◆ **What the exercise asks**:
Output the listing exactly as written, apart from its pictures.

(Information shown Opens)

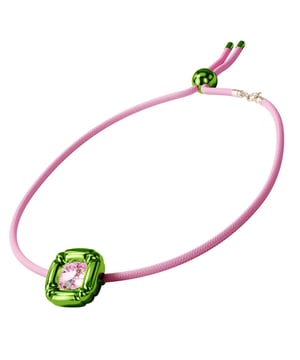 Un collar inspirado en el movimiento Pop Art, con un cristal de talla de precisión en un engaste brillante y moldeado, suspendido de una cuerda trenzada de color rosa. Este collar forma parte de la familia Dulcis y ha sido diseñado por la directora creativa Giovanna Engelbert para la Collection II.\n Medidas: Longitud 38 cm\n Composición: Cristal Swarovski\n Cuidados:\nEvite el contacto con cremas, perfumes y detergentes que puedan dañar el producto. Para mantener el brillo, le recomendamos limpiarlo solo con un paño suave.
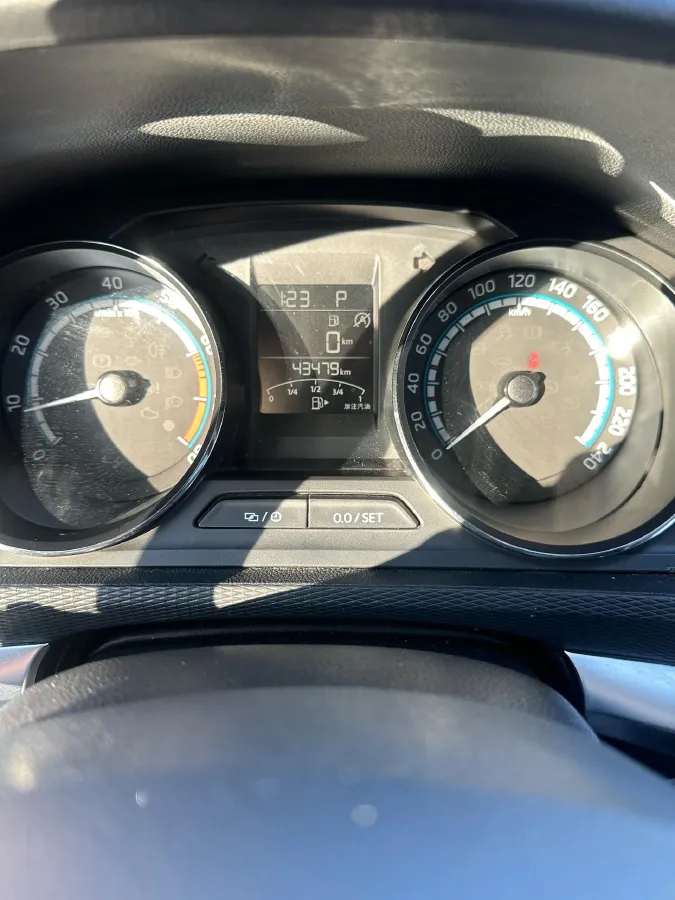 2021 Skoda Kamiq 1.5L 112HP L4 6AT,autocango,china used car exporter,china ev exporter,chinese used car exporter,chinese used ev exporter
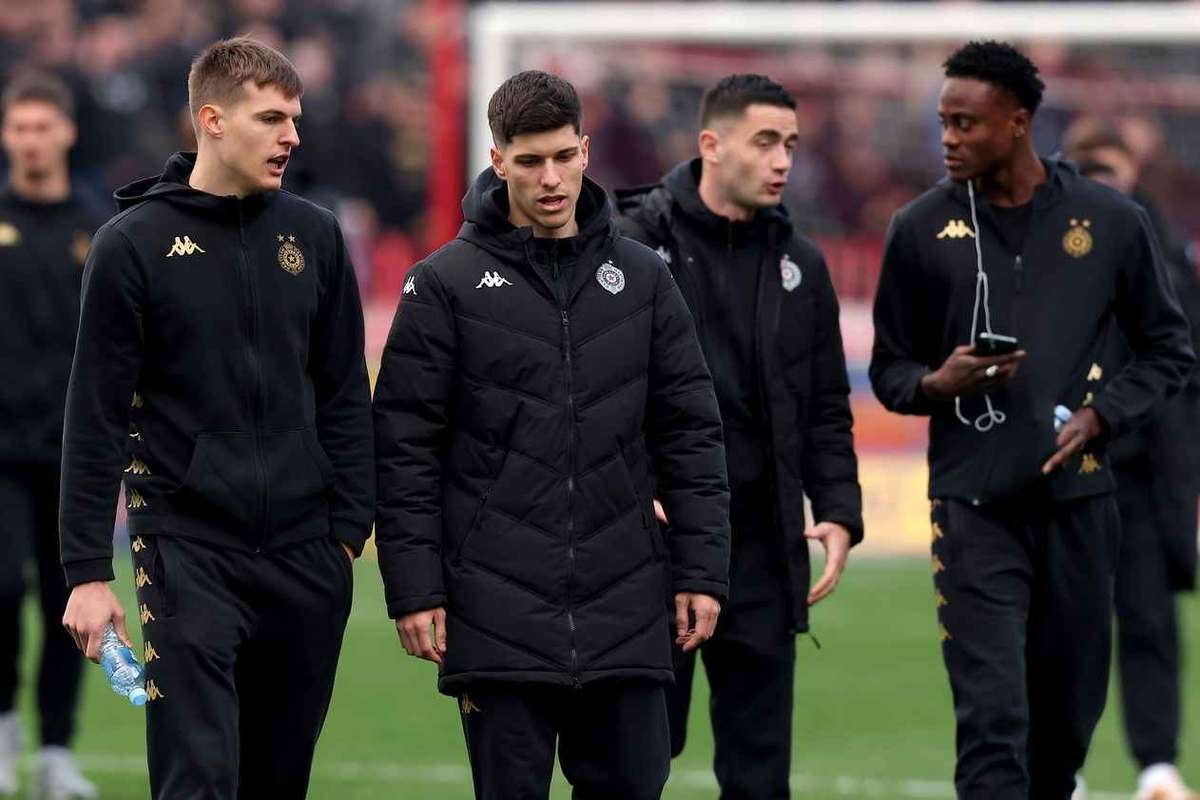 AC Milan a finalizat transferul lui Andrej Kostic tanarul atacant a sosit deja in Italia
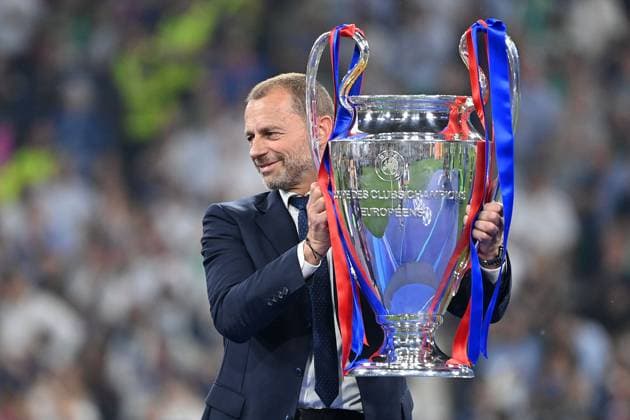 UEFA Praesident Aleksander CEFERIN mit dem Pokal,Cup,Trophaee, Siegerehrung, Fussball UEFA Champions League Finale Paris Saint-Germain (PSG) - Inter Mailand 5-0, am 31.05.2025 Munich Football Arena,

(Information shown Closes)

◆ **Written answer**:
 Un collar inspirado en el movimiento Pop Art, con un cristal de talla de precisión en un engaste brillante y moldeado, suspendido de una cuerda trenzada de color rosa. Este collar forma parte de la familia Dulcis y ha sido diseñado por la directora creativa Giovanna Engelbert para la Collection II.\n Medidas: Longitud 38 cm\n Composición: Cristal Swarovski\n Cuidados:\nEvite el contacto con cremas, perfumes y detergentes que puedan dañar el producto. Para mantener el brillo, le recomendamos limpiarlo solo con un paño suave.
 2021 Skoda Kamiq 1.5L 112HP L4 6AT,autocango,china used car exporter,china ev exporter,chinese used car exporter,chinese used ev exporter
 AC Milan a finalizat transferul lui Andrej Kostic tanarul atacant a sosit deja in Italia
 UEFA Praesident Aleksander CEFERIN mit dem Pokal,Cup,Trophaee, Siegerehrung, Fussball UEFA Champions League Finale Paris Saint-Germain (PSG) - Inter Mailand 5-0, am 31.05.2025 Munich Football Arena,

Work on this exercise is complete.